A support vector machine approach to identification of proteins relevant to learning in a mouse model of Down Syndrome

Abstract

Down Syndrome is a common disorder which causes intellectual disability among other symptoms. To date, no treatment exists for the learning difficulties associated with Down Syndrome. However, the pharmaceutical drug memantine has been shown to improve learning ability in a Down Syndrome model of mice (Ts65Dn) exposed to Context Fear Conditioning (CFC), an existing technique used in determining the extent of learning capability of mice. While the effect of memantine on learning capability in Ts65Dn mice is significant, the biological mechanism responsible for restoration of learning capability by memantine is poorly understood. One possible way to characterize this mechanism is by analyzing the neural protein profile data of normal and Down Syndrome mice with and without memantine treatment. In this work, we use a series of linear support vector machines to model the differential expression of 77 proteins obtained from the nuclear cortex of normal and Ts65Dn mice, with and without memantine treatment and with and without CFC stimulation.

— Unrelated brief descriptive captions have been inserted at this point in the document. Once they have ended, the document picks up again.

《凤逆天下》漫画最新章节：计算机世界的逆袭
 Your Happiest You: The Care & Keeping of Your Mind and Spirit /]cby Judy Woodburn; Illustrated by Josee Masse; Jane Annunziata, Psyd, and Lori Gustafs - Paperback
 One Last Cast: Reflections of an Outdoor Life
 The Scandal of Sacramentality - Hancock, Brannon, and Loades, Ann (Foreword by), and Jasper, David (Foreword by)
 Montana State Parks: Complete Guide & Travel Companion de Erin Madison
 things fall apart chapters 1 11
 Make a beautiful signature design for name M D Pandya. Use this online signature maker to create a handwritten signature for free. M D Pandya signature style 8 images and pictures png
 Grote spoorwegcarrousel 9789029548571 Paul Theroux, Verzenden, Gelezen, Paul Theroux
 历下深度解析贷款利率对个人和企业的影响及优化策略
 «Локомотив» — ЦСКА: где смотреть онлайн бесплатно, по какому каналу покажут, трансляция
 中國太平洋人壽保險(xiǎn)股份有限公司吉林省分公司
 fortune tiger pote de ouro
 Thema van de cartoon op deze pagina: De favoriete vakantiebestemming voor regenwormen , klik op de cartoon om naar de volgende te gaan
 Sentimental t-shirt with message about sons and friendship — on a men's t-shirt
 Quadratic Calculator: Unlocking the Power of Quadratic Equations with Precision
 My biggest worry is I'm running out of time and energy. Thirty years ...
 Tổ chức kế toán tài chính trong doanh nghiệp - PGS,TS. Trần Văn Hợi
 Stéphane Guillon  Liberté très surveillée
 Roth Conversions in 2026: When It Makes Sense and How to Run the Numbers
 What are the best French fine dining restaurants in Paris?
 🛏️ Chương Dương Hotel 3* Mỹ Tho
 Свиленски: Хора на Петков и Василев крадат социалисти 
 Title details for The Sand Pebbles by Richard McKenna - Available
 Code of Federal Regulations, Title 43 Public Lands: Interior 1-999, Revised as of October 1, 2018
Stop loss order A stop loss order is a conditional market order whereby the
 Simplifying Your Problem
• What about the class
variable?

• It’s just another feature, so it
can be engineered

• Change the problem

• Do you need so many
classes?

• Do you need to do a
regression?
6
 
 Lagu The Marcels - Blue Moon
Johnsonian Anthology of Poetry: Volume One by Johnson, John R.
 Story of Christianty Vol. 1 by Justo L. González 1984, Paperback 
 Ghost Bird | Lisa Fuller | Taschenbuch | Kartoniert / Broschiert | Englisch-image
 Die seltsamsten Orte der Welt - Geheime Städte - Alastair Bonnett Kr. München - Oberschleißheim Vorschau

We use feature selection by weight threshold to select those proteins which play a significant role in characterizing each model. Per our findings, these subsets of proteins can be used to build more accurate classification models of the data than those subsets chosen using unsupervised learning or statistical analyses in previous studies. We recommend that the subsets of proteins selected using our proposed method be utilized in further biological study aiming to understand the effects of memantine on learning restoration.